Task statement:
Find the line below with "Welcome back to" and the line with "Hello, this is". Output exactly those lines and everything between them, leaving out the pictures.

Extracted records:
-------
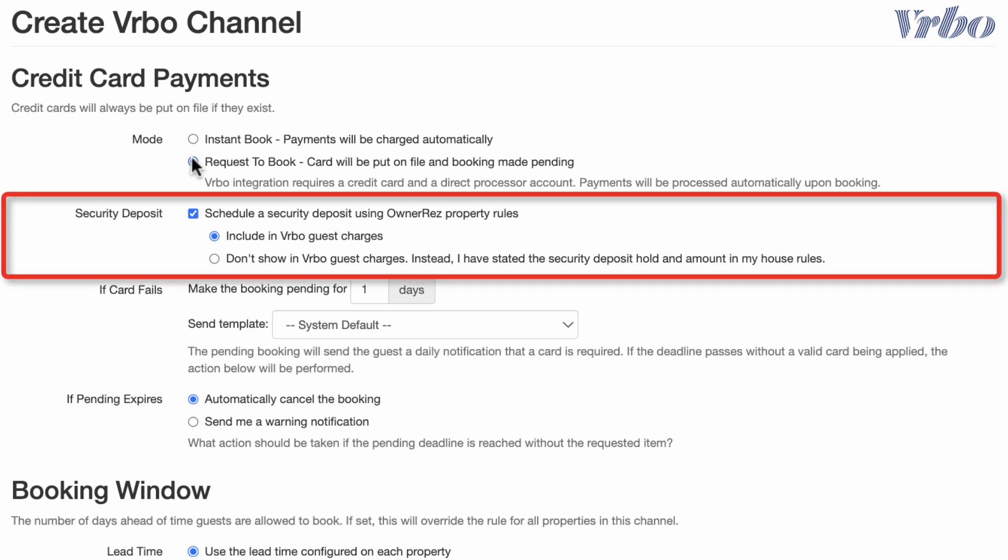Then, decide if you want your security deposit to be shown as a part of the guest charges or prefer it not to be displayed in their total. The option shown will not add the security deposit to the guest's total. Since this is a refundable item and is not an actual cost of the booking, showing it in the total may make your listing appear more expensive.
-------
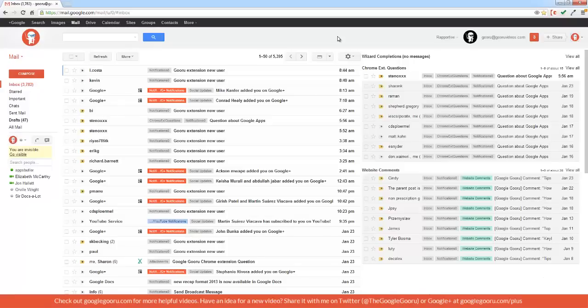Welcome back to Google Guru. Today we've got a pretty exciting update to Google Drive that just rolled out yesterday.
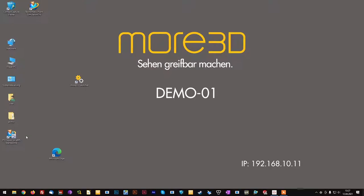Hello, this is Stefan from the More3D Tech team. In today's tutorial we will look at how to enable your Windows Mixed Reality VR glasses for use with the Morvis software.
-------
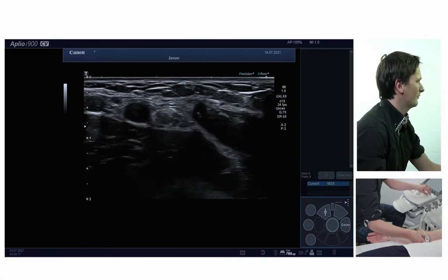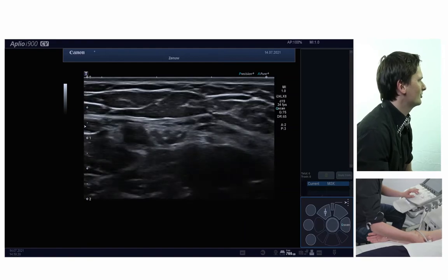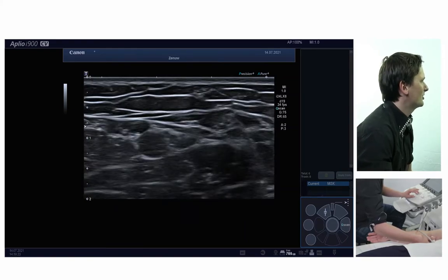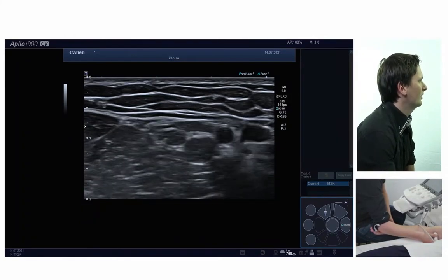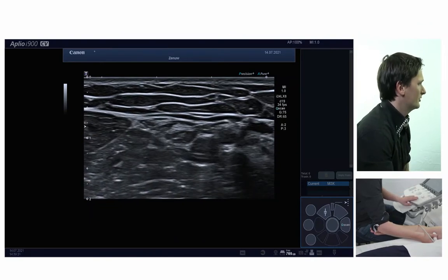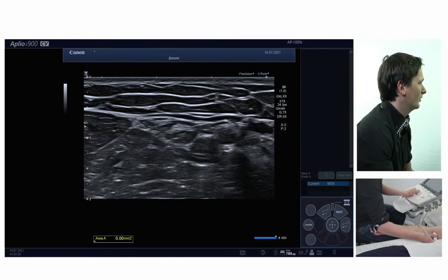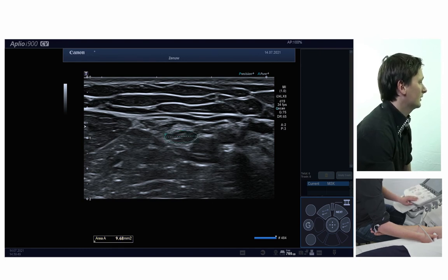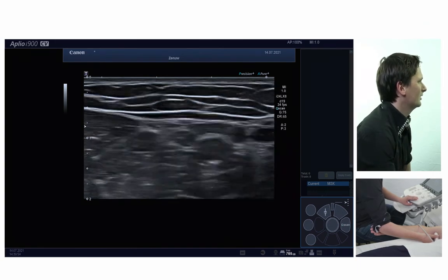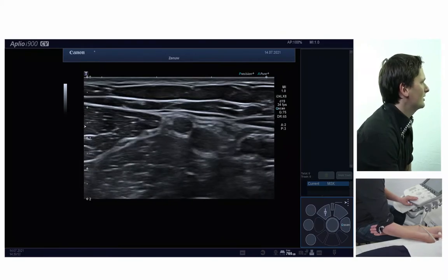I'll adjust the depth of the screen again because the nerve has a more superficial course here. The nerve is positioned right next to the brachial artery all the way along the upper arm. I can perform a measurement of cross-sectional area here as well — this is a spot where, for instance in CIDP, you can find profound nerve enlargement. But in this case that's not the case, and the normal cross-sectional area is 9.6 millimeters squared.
-------
Worked solution:
Welcome back to Google Guru. Today we've got a pretty exciting update to Google Drive that just rolled out yesterday.
Hello, this is Stefan from the More3D Tech team. In today's tutorial we will look at how to enable your Windows Mixed Reality VR glasses for use with the Morvis software.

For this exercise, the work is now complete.